D3D11 device context in a separate thread gets corrupted when CUDA graphics resource mapping is used

I have been chasing this bug for several weeks. More information is available on a github issue report which I filed for a Unity plugin called AVPro Video, available here:

I have written a Window Media Source object (registered DLL for Media Foundation framework) which parses omnidirectional media files, decodes and composites them with CUDA, and delivers Direct3D 11 media samples stored on the GPU to the Media Foundation player chain.

From a high level, the way that the system works is that my code creates a pool of very large (10k or 12k wide) D3D11 textures with RGBA pixels. I have threads which decode multiple HEVC streams using NVDEC/CUVID, where the output from each HEVC stream corresponds with a fixed smaller rectangle within the large output frame. When a new frame is started, a large output frame is taken from the D3D11 texture pool and it is mapped to a CUDA array using cuGraphicsMapResources(). As each sub-frame within the large output frame is decoded by the HEVC decoder, a CUDA function is called to convert the output from NV12 to RGBA and composite the sub-frame into the big output frame. When all of the pieces of the big frame have been completed, it is unmapped from CUDA, encapsulated in a Media Foundation media sample object, and then sent to the player via media foundation. When the player has finished using a particular big frame and it is released, my code gets a callback, and puts the frame back into the D3D11 texture pool for re-use.

So all of this works perfectly when my media source object is running with a simple media foundation test player application. But the final environment for which this was designed, includes Unity and a plugin called AVPro Video and SteamVR. In this environment, there are many more threads using D3D and the GPU, and when my decoder is used with this software, the system will occasionally (every 100-10,000 frames rendered) encounter a D3D error and result in a GPU crash / device removed scenario.

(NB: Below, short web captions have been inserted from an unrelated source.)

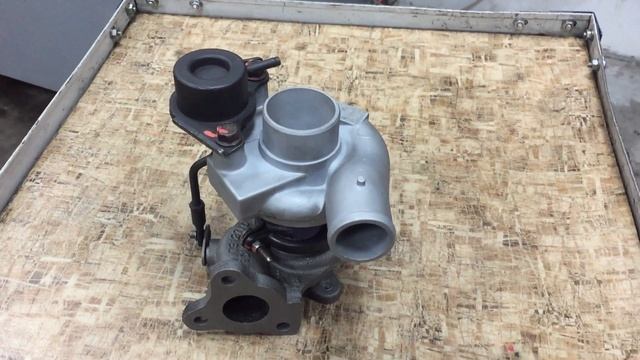 Турбокомпрессор Mitsubishi 49173 06501 для Opel Astra смотреть онлайн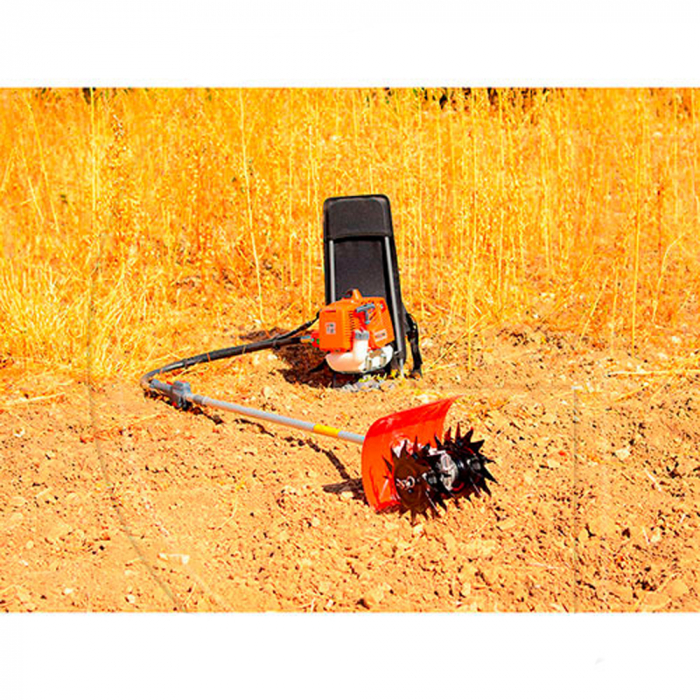 Cultivator universal pentru motocoasa BASEH 2+2 [7]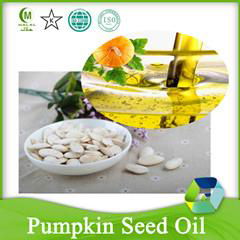 Manufacturing Pure Natural Refined Pumpkin Seed Oil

I used the D3D debug layer to observe that the first failures which occur are D3D problems, causing error messages like this:

D3D11 ERROR: ID3D11DeviceContext::Draw: Current Primitive Topology value (0) is not valid. [ EXECUTION ERROR #365: DEVICE_DRAW_INVALID_PRIMITIVETOPOLOGY]
D3D11 ERROR: ID3D11DeviceContext::Draw: A Vertex Shader is always required when drawing, but none is currently bound. [ EXECUTION ERROR #341: DEVICE_DRAW_VERTEX_SHADER_NOT_SET]
D3D11 ERROR: ID3D11DeviceContext::Draw: Rasterization Unit is enabled (PixelShader is not NULL or Depth/Stencil test is enabled and RasterizedStream is not D3D11_SO_NO_RASTERIZED_STREAM) but position is not provided by the last shader before the Rasterization Unit. [ EXECUTION ERROR #362: DEVICE_DRAW_POSITION_NOT_PRESENT]
...
D3D11: Removing Device.
D3D11 ERROR: ID3D11Device::RemoveDevice: Device removal has been triggered for the following reason (DXGI_ERROR_DEVICE_HUNG: The Device took an unreasonable amount of time to execute its commands, or the hardware crashed/hung. As a result, the TDR (Timeout Detection and Recovery) mechanism has been triggered. The current Device Context was executing commands when the hang occurred. The application may want to respawn and fallback to less aggressive use of the display hardware). [ EXECUTION ERROR #378: DEVICE_REMOVAL_PROCESS_AT_FAULT]

From these error messages, it appears to me that there is some race condition which causing the ID3D11DeviceContext to get corrupted. I don’t even create or use an ID3D11DeviceContext in any of my code anywhere, so this is a baffling problem. I worked to debug this problem by disabling different parts of my code to try and isolate the issue. And what I found was that the D3D device context failure does not happen if I don’t use the cuGraphicsMapResources() / cuGraphicsUnmapResources() functions. Obviously there is no work-around, and I need these functions in order to do what needs to be done, but for the sake of debugging I ran tests which definitively demonstrated that these function calls are the cause of the D3D failure.

I even ran an experiment to demonstrate that the problem was not caused by some other bug in the downstream media foundation player such as using my D3D11 texture after releasing it. I modified my D3D11 texture buffer pool to create 2 output textures (call them A and B) for each frame instead of only 1, and I did the CUDA resource mapping and unmapping on the A textures, but sent the B textures down the Media Foundation pipeline. Even in this case, the D3D device context errors will sometimes happen if I call the CUDA graphics mapping functions, but never if I don’t call them.

So from this evidence, it really looks like there is some side-effect of the cuGraphicsMapResources() / cuGraphicsUnmapResources() functions which is causing the D3D11 device context to occasionally become corrupted in another thread. Is it possible that the CUDA cuGraphicsMapResources function is internally retrieving the immediate D3D11 device context corresponding with the ID3D11Device and using it during the map/unmap operation? If so, that seems like a bug in CUDA, because the D3D11 device context is not thread-safe and needs to be protected with some kind of mutex.